The lines running from the one that contains "A woman surfs" to the end of the records below are what to reproduce, exactly and without pictures.
START Working data
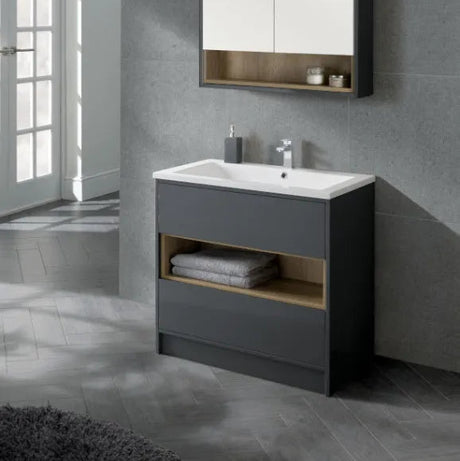 Modern anthracite floor standing bathroom vanity unit with white ceramic sink, integrated open shelving with natural wood accent, matching wall mounted mirror cabinet, chrome tap and accessories in contemporary grey tiled bathroom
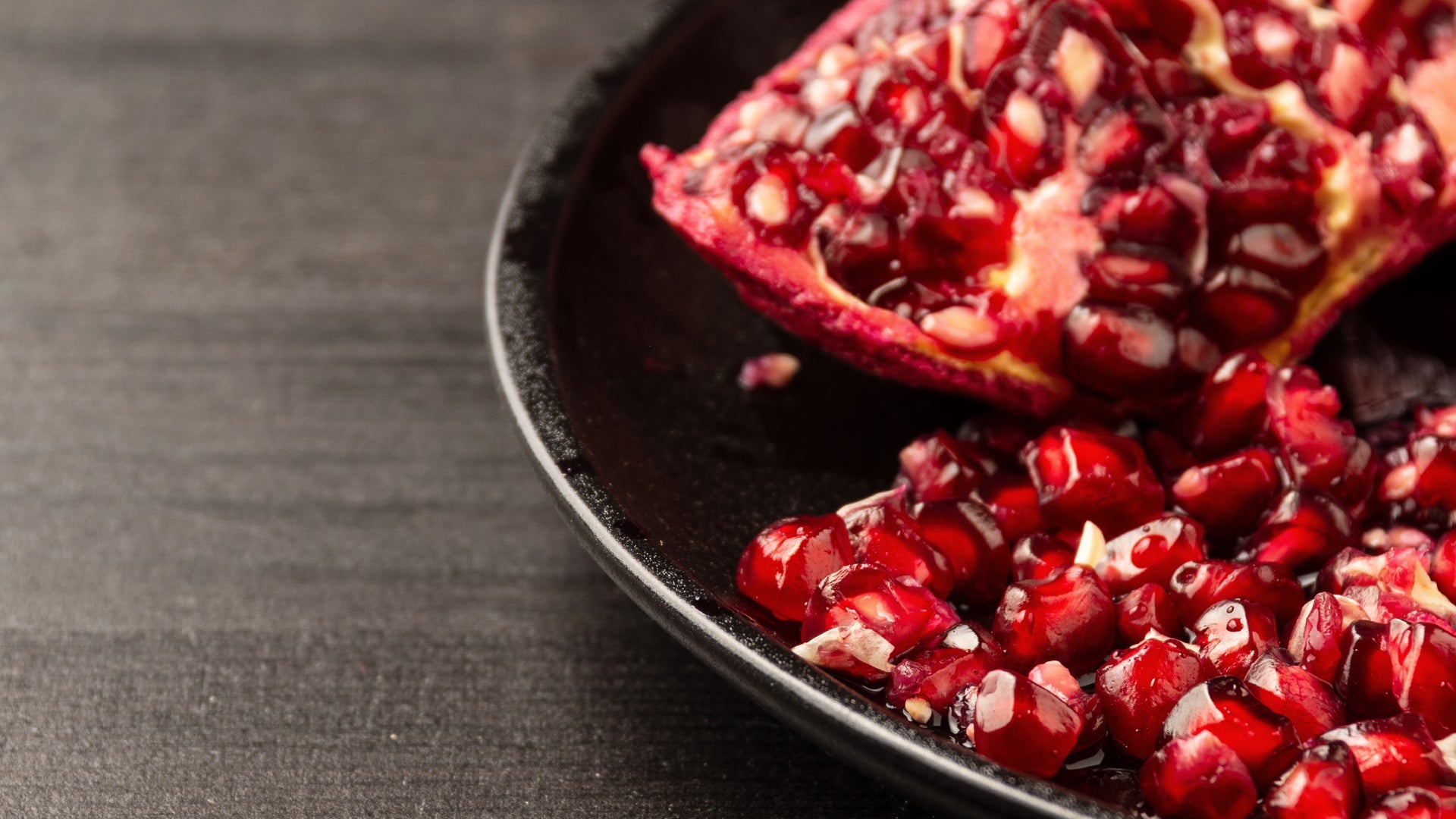 Pomegranate seeds on a dark surface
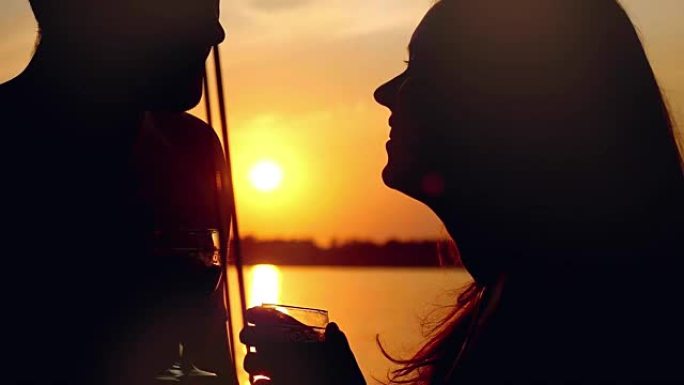 恋爱中的年轻幸福夫妇的剪影在游艇上接吻，并在惊人的日落中以慢动作喝杯葡萄酒。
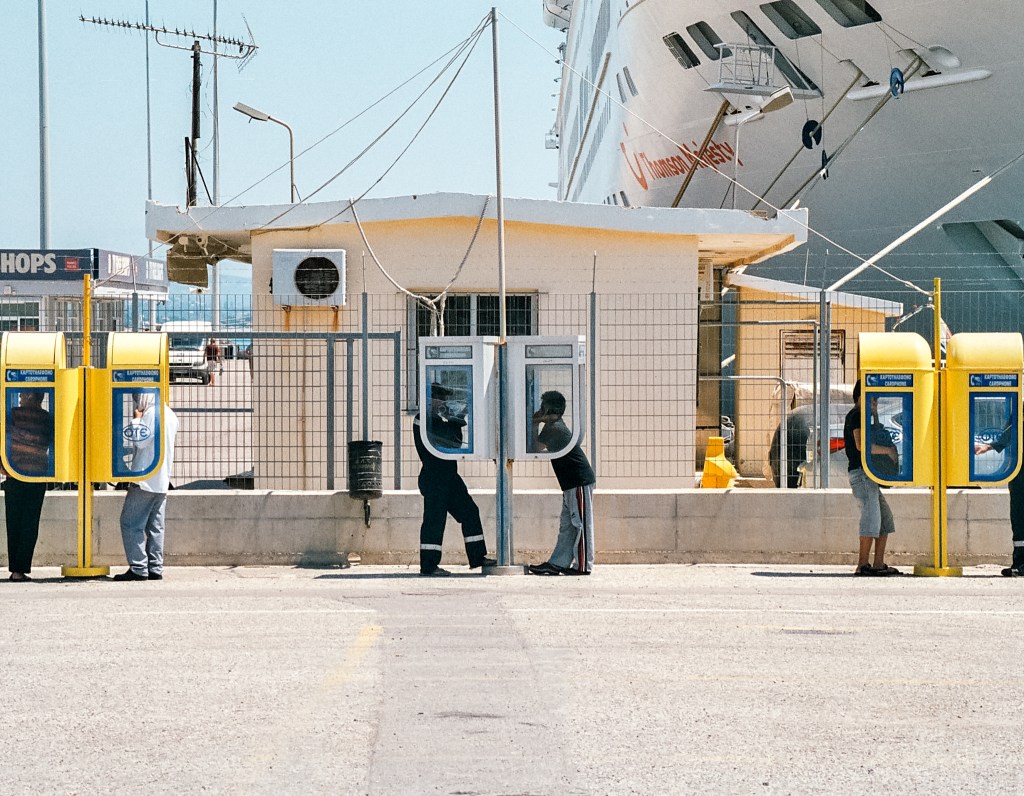People using yellow public telephones outside a small beige building, a ship behind.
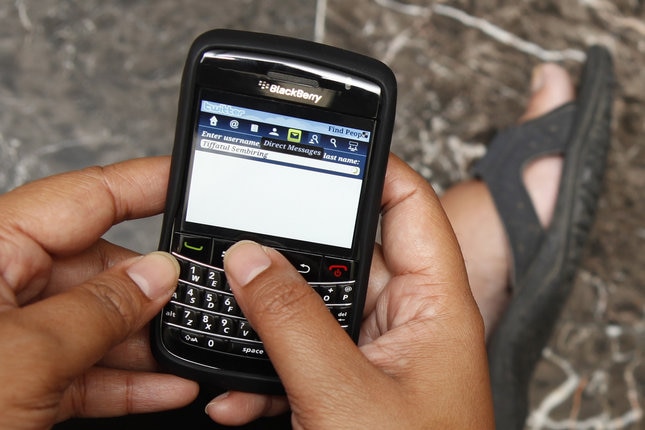 A woman surfs the internet through her Blackberry in Jakarta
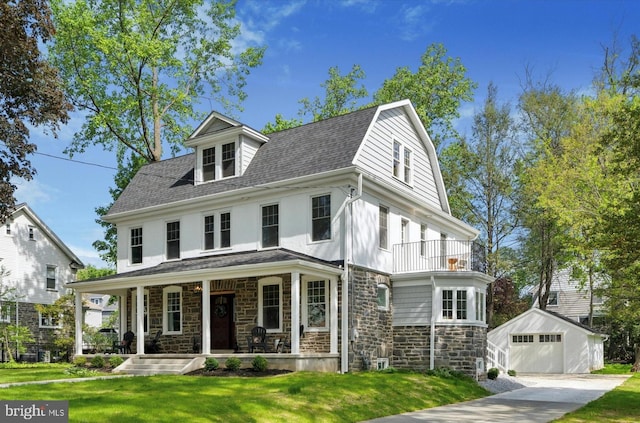 view of front of house with an outbuilding, stone siding, a balcony, covered porch, and a front lawn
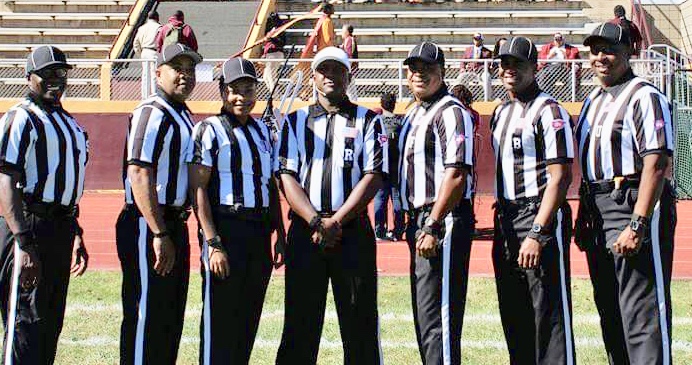 STANDING PROUD: From left to right is Kenny Grigsby, Jonathan Carter, Henrietta Powell,
Harlan Johnson, Ben Cole, David Boone and Kevin Sutton. Boone s entering his ninth year as a referee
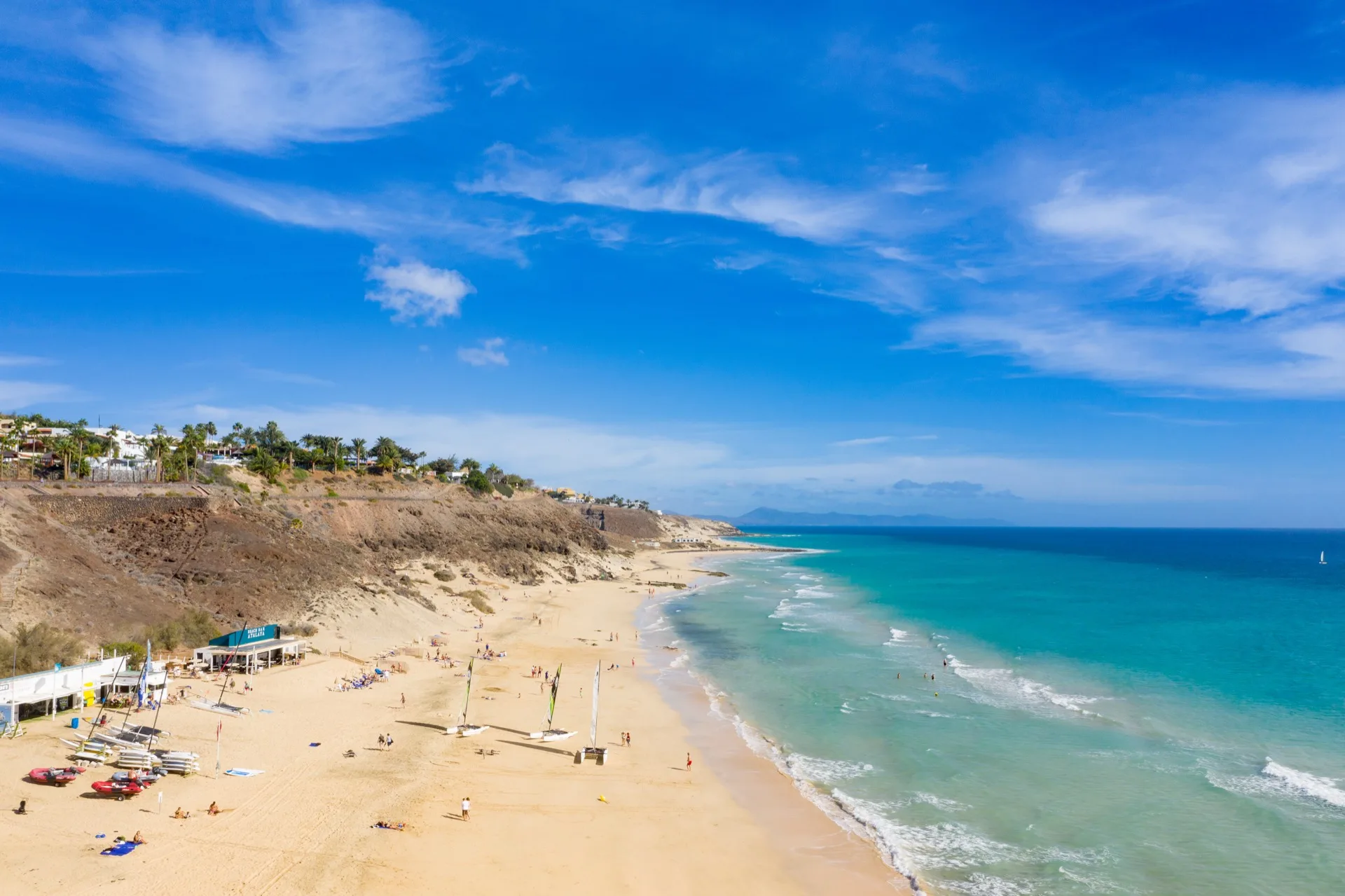 Golden sand of Playa de Esquinzo with calm Atlantic water and low cliffs on the Jandía coast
END Working data
Solution for this problem:
 A woman surfs the internet through her Blackberry in Jakarta
 view of front of house with an outbuilding, stone siding, a balcony, covered porch, and a front lawn
 STANDING PROUD: From left to right is Kenny Grigsby, Jonathan Carter, Henrietta Powell,
Harlan Johnson, Ben Cole, David Boone and Kevin Sutton. Boone s entering his ninth year as a referee
 Golden sand of Playa de Esquinzo with calm Atlantic water and low cliffs on the Jandía coast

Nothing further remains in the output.